The CCE is an LTER-Long-Term Ecological Research site in the coastal upwelling biome of the California Current Ecosystem. Observations from the CalCOFI (California Cooperative Oceanic Fisheries Investigations) coastal ocean time series, currently in its 55th year, demonstrate the importance of external forcing of the pelagic ecosystem on multiple time scales, including: El Nino, the multi-decadal Pacific Decadal Oscillation, and a multi-decadal secular warming trend. Interactions of such forcing and biotic interactions can lead to nonlinear ecosystem responses that may be expressed as relatively abrupt transitions. The work will evaluate four hypothesized mechanisms for such ecosystem transitions:

• Sustained, anomalous alongshore advection of different assemblages;
• In situ food web changes in response to altered stratification and nutrient supply;
• Changes in cross-shore transport and loss/retention of organisms; and
• Altered predation pressure. The California Current Ecosystem (CCE) LTER site will address its research hypotheses with an integrated research program having three primary elements:
  1. Experimental Process Studies will initially focus on the hypothesis of in situ food web changes.

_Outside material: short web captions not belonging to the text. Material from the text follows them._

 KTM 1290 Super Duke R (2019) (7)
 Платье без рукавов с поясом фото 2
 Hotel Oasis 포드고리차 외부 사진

  2. Time Series Studies will evaluate alternative hypotheses using space-resolving time series measurements, including high frequency temporal measurements at different nearshore locations, satellite remote sensing, and an extensive quarterly measurement program at sea that will capitalize on and significantly enhance the CalCOFI time series.

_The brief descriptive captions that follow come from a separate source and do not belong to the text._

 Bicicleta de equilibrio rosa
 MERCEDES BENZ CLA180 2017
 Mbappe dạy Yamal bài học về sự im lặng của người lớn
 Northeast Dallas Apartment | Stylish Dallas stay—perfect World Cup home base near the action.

  3. Modeling and synthesis studies will help quantify the dynamics underlying the observations; provide a platform for hypothesis testing through numerical experiments and process models; provide a means for dynamic interpolation between observations in space and time; and help optimize the field program.

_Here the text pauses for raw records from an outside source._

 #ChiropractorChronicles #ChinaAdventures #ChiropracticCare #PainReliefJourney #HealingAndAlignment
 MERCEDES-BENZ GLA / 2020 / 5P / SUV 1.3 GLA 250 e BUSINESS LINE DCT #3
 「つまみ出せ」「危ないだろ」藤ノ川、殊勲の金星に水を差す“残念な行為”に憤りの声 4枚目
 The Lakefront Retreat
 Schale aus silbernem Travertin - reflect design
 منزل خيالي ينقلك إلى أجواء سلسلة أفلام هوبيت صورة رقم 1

The proposed study region is an ideal location for an LTER site: it has 5 decades of climate context provided by CalCOFI; it is in a biogeographic boundary region, making it an early sentinel of climate change; it has pronounced spatial gradients in a relatively small geographic area; its anoxic basins provide a unique connection to paleoceanographic studies; and the extant 4-D physical ocean circulation model of the region will permit rapid advances in the development of coupled bio-physical models of ecosystem transitions. The site will allow the LTER network to compare coastal pelagic upwelling ecosystems with other biomes with respect to: Pattern and control of primary production, Spatial and temporal distribution of populations selected to represent trophic structures, Patterns of inorganic inputs and movements of nutrients, and Patterns and frequency of disturbances. Noteworthy is the integration of Information and Data Management as well as of Education and Outreach components within the project so that synergies develop during design and implementation.